Some other factors: 1. Lisp was truly unique in the 60s, 70s, and 80s, but it required expensive hardware to run. It would be hard to conceive of a Lisp running well on a 6502 or an 8086. Something like my NeXT Cube with a 68040 would do a much better job, but those machines cost roughly $6500 in 1989 dollars, out of reach for many developers.
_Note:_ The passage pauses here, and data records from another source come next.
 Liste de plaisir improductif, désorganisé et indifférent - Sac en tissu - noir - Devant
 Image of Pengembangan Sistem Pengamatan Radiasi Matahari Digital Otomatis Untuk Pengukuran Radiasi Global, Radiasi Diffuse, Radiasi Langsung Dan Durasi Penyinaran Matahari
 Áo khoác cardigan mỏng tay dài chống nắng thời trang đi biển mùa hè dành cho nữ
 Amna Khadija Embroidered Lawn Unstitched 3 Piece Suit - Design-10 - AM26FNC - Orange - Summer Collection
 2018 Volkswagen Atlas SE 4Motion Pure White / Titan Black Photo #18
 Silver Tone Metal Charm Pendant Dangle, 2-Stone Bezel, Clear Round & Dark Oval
2. By the time hardware capable of running Lisp acceptably became affordable, other languages started offering certain features that used to be unique to Lisp. Wanted garbage collection? In 1995 Java became available. Want object-oriented programming? You didn’t even have to wait until 1995 for that due to C++. Want anonymous functions and map()? Python’s popularity took off in the 2000s. Yes, Lisp still offers features that are not easily found in other languages (such as extensive metaprogramming), but the gap between Lisp and competing popular languages has been narrowing with each successive decade.
You'd be surprised. https://retrocomputing.stackexchange.com/questions/11192/wha... Of course something like FORTH was perhaps more suited to these smaller machines, but LISP implementations were around. Many users of 6502-based microcomputers were familiar with LOGO, which is just a LISP with different syntax.
Alas, I think MS saw the failure of Clojure within the Java ecosystem and foresaw the same if they made a similar effort.
At work I write a lot of TypeScript. At how I write a lot of lisp. The lisp is absolutely more ergonomic and extensible.
The ML crowd received F# and that’s practically the only reason anyone still uses anything ML-esque. I would like the same for Lisp. I know Rich Hickey tried to make Clojure for .NET first and failed, though, so I’m not holding my breath.
Atom/Pulsar, or Portacle (portable Emacs with SBCL + Quicklisp), or plain-common-lisp (2 clicks install for Windows), ALIVE for VSCode is getting there, also the newer Intellij plugin. And vim. LispWorks. Sublime, Lem, Jupyter notebooks, and more.
https://lispcookbook.github.io/cl-cookbook/editor-support.ht...
it's a tree. it's just a few operations to transform it as a structure.